YOUR TASK >> In the listing that follows, the range to quote begins at the line that has "Toyota Land Cruiser 2012 White" and ends after the line that has "Alacak Verecek Kavgasında"; quote it verbatim and add nothing.

RECORD SET >>
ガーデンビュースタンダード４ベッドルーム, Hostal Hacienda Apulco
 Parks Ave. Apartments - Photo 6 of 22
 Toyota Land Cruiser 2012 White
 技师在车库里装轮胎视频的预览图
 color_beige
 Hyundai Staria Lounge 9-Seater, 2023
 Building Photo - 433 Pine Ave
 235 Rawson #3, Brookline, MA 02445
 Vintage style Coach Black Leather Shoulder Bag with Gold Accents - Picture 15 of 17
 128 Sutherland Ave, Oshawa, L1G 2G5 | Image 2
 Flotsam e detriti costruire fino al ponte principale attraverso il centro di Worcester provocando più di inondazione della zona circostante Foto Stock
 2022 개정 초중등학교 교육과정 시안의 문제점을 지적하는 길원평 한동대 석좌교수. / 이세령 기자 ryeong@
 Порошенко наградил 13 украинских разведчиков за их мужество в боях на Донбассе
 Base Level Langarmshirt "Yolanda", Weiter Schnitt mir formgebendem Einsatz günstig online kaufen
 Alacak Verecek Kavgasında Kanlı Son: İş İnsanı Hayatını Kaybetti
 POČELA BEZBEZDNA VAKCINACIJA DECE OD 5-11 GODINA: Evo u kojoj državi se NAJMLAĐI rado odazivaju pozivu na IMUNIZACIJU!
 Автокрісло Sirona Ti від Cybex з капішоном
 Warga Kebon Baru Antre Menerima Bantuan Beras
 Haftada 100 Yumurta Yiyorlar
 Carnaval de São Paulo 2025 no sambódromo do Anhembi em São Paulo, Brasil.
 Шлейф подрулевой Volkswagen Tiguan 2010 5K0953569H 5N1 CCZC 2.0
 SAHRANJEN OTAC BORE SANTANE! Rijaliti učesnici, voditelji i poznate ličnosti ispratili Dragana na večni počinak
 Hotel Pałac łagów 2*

THE ANSWER >>
 Toyota Land Cruiser 2012 White
 技师在车库里装轮胎视频的预览图
 color_beige
 Hyundai Staria Lounge 9-Seater, 2023
 Building Photo - 433 Pine Ave
 235 Rawson #3, Brookline, MA 02445
 Vintage style Coach Black Leather Shoulder Bag with Gold Accents - Picture 15 of 17
 128 Sutherland Ave, Oshawa, L1G 2G5 | Image 2
 Flotsam e detriti costruire fino al ponte principale attraverso il centro di Worcester provocando più di inondazione della zona circostante Foto Stock
 2022 개정 초중등학교 교육과정 시안의 문제점을 지적하는 길원평 한동대 석좌교수. / 이세령 기자 ryeong@
 Порошенко наградил 13 украинских разведчиков за их мужество в боях на Донбассе
 Base Level Langarmshirt "Yolanda", Weiter Schnitt mir formgebendem Einsatz günstig online kaufen
 Alacak Verecek Kavgasında Kanlı Son: İş İnsanı Hayatını Kaybetti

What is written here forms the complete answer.